Prompt :: Transcribe the records below. Leave every line exactly as written.

Data excerpts:
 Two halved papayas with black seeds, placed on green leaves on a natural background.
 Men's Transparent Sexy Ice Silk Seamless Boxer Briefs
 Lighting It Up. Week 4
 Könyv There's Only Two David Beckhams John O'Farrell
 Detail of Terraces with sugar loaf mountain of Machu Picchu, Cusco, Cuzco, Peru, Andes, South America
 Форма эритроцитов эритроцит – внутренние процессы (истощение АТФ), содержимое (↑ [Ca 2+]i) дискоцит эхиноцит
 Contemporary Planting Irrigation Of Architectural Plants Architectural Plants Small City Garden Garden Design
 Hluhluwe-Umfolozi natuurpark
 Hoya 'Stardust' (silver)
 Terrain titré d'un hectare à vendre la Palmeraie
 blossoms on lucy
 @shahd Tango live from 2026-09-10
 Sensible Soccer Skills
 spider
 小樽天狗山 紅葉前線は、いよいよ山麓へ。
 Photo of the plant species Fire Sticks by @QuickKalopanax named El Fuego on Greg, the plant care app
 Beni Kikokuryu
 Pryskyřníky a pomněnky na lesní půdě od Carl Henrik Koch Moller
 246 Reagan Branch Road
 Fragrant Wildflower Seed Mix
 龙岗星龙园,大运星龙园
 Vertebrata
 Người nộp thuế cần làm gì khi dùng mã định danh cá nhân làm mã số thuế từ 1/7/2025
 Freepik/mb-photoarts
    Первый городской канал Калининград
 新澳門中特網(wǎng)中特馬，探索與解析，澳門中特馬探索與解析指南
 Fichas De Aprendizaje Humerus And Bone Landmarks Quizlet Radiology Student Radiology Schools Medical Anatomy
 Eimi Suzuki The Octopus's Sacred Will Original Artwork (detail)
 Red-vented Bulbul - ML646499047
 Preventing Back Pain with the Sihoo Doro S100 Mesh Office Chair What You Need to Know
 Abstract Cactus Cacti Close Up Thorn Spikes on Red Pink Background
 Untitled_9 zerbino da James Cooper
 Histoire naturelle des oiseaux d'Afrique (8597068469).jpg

Solution below ::
 Two halved papayas with black seeds, placed on green leaves on a natural background.
 Men's Transparent Sexy Ice Silk Seamless Boxer Briefs
 Lighting It Up. Week 4
 Könyv There's Only Two David Beckhams John O'Farrell
 Detail of Terraces with sugar loaf mountain of Machu Picchu, Cusco, Cuzco, Peru, Andes, South America
 Форма эритроцитов эритроцит – внутренние процессы (истощение АТФ), содержимое (↑ [Ca 2+]i) дискоцит эхиноцит
 Contemporary Planting Irrigation Of Architectural Plants Architectural Plants Small City Garden Garden Design
 Hluhluwe-Umfolozi natuurpark
 Hoya 'Stardust' (silver)
 Terrain titré d'un hectare à vendre la Palmeraie
 blossoms on lucy
 @shahd Tango live from 2026-09-10
 Sensible Soccer Skills
 spider
 小樽天狗山 紅葉前線は、いよいよ山麓へ。
 Photo of the plant species Fire Sticks by @QuickKalopanax named El Fuego on Greg, the plant care app
 Beni Kikokuryu
 Pryskyřníky a pomněnky na lesní půdě od Carl Henrik Koch Moller
 246 Reagan Branch Road
 Fragrant Wildflower Seed Mix
 龙岗星龙园,大运星龙园
 Vertebrata
 Người nộp thuế cần làm gì khi dùng mã định danh cá nhân làm mã số thuế từ 1/7/2025
 Freepik/mb-photoarts
    Первый городской канал Калининград
 新澳門中特網(wǎng)中特馬，探索與解析，澳門中特馬探索與解析指南
 Fichas De Aprendizaje Humerus And Bone Landmarks Quizlet Radiology Student Radiology Schools Medical Anatomy
 Eimi Suzuki The Octopus's Sacred Will Original Artwork (detail)
 Red-vented Bulbul - ML646499047
 Preventing Back Pain with the Sihoo Doro S100 Mesh Office Chair What You Need to Know
 Abstract Cactus Cacti Close Up Thorn Spikes on Red Pink Background
 Untitled_9 zerbino da James Cooper
 Histoire naturelle des oiseaux d'Afrique (8597068469).jpg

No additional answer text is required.